Les "atrocités" d'Angel ne sont qu'un bouclier rhétorique. Elles n'existent pas pour protéger les victimes, mais pour discipliner la gauche, pour tracer une ligne rouge autour de la résistance palestinienne qu'elle n'oserait jamais tracer autour de la violence d'État israélienne. Elle n'exige pas qu'Israël prouve ses allégations avant de bombarder des hôpitaux. Elle exige que les Palestiniens prouvent leur innocence avant d'être autorisés à exister.
Ce n'est pas de l'antisionisme. C'est la suprématie juive déguisée en progressisme. Voilà exactement pourquoi les Juifs "antisionistes" comme Angel ne sont pas des alliés : ce sont des facilitateurs.
4 décembre 2023, 58e jour (~15 900+ Palestiniens tués)
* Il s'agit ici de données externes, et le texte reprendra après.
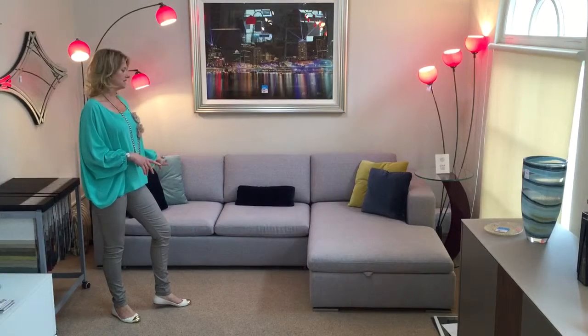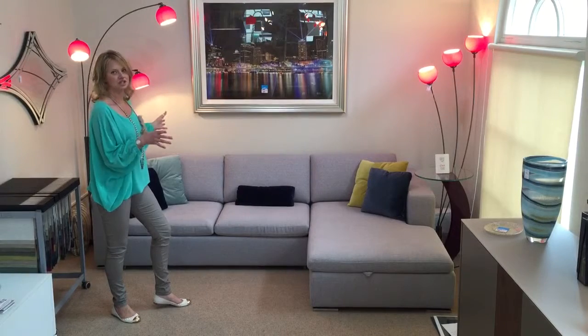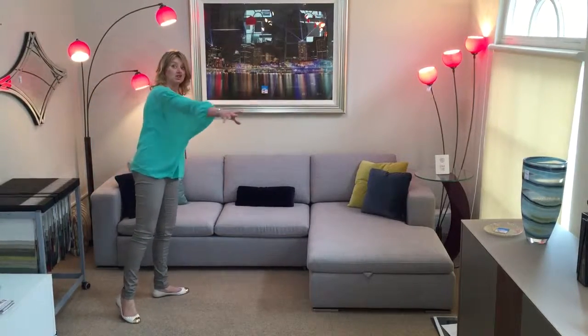This is the Vario from Sitz. We have it here as a sofa bed. You can also get it just as an ordinary sofa if you prefer. You can even get it as a larger corner group also.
Benjamin Balthasar et Alina Stefanescu, qui se décrivent tous deux comme des juifs antisionistes, ont coordonné leurs messages sur X. Balthasar a écrit :
"Oui, je ne sais pas exactement ce qui s'est passé non plus, mais il y a suffisamment de preuves pour suggérer que des combattants palestiniens, qu'ils soient sous le contrôle direct de la direction du Hamas ou non, ont intentionnellement tué de nombreux civils".
Stefanescu a approuvé :
"Je suis d'accord. Je ne comprends pas comment on peut même contester cela. On sent un peu monter l'ambiance des 'truthers' du 11 septembre... Nous nous dirigeons vers la vision de Foucault sur l'Iran si de telles interprétations continuent à glorifier les conditions carcérales et la torture". Balthasar a ajouté : "Sans aucun doute, l'ambiance des 'truthers' du 11 septembre, c'est certain".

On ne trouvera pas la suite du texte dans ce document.